Famous Firsts
And the Power of Invisibility. Mainstream. Ordinary People. Common Sense. Silent Majority.
Family. Friends. Loved ones.
We humans are a herding species; we live in groups, and the power of belonging and fitting in comes naturally to us. But what is our group? Who’s in, and who’s out? What does fitting in look like?
This year, we witnessed the historic confirmation of Ketanji Brown Jackson as the first Black female Supreme Court Justice. She joins other famous firsts, like Roger Taney, Louis Brandeis, Thurgood Marshall, Sandra Day O’Connor, and Sonia Sotomayor. But what does this growing list tell us?
Famous firsts show us the power of the group that they have broken into. Mix in race and gender, and the power of the status quo becomes visible. Roger Taney and Louis Brandeis were the first Catholic and Jewish justices respectively. The group had been entirely Protestant. Thurgood Marshall broke into a group that had been entirely white.

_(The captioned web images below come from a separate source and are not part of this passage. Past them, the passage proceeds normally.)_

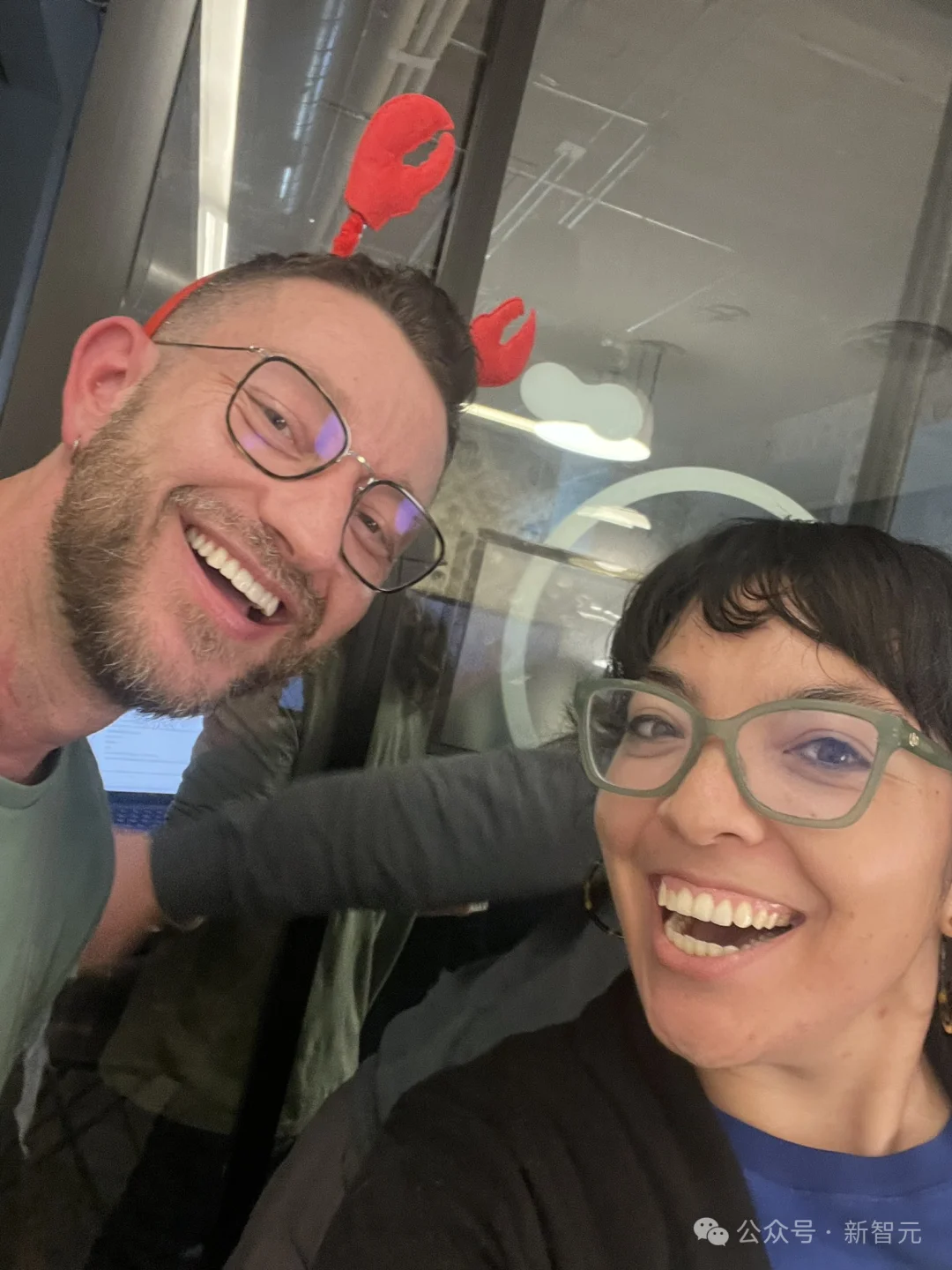 OpenClaw全球首聚，千人挤爆旧金山！龙虾头机器人现场乱逛太炸裂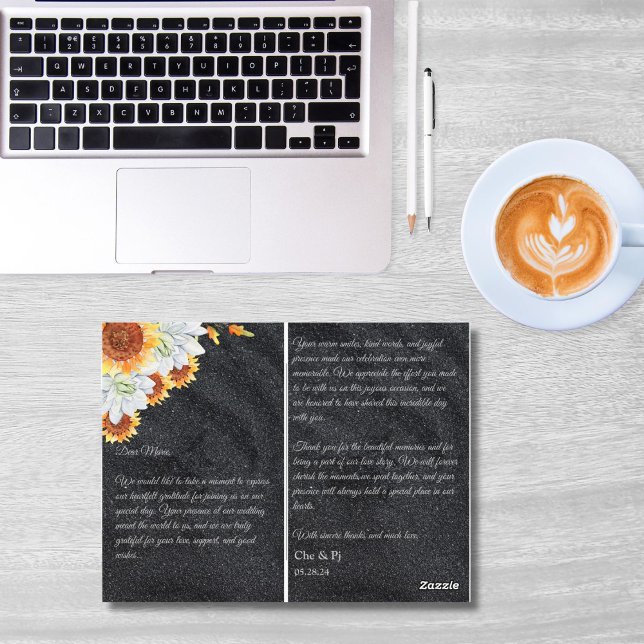 Tarjeta de agradecimiento floral minimalista (Subido por el creador)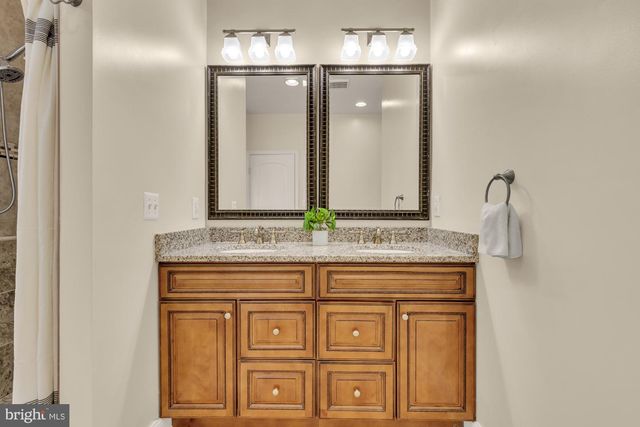 8604 WOODLAWN CT, Alexandria, VA 22309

Sandra Day O’Connor broke into a group that was entirely male, and Sonia Sotomayor broke into a group that was entirely non-Hispanic. Add the breached groups together, and we get a clear picture of whose power represents the status quo; the people who seem to belong in power.
The summer of 2020 and the protests in the wake of the murder of George Floyd seemed to herald a moment of reckoning for the status quo. The mainstream seemed to undergo an existential shift towards visibility for everyone, and an honest look at the history of the mainstream. We are now witnessing a backlash, as the status quo is trying to reassert its authority, trying to return to the power of the invisible.
When power structures are invisible, they retain their power through norms that everyone is expected to adhere to and to enforce. But who benefits? Does it serve everyone? Asking these questions is part of what we need to do, in order to take the first steps towards understanding each other.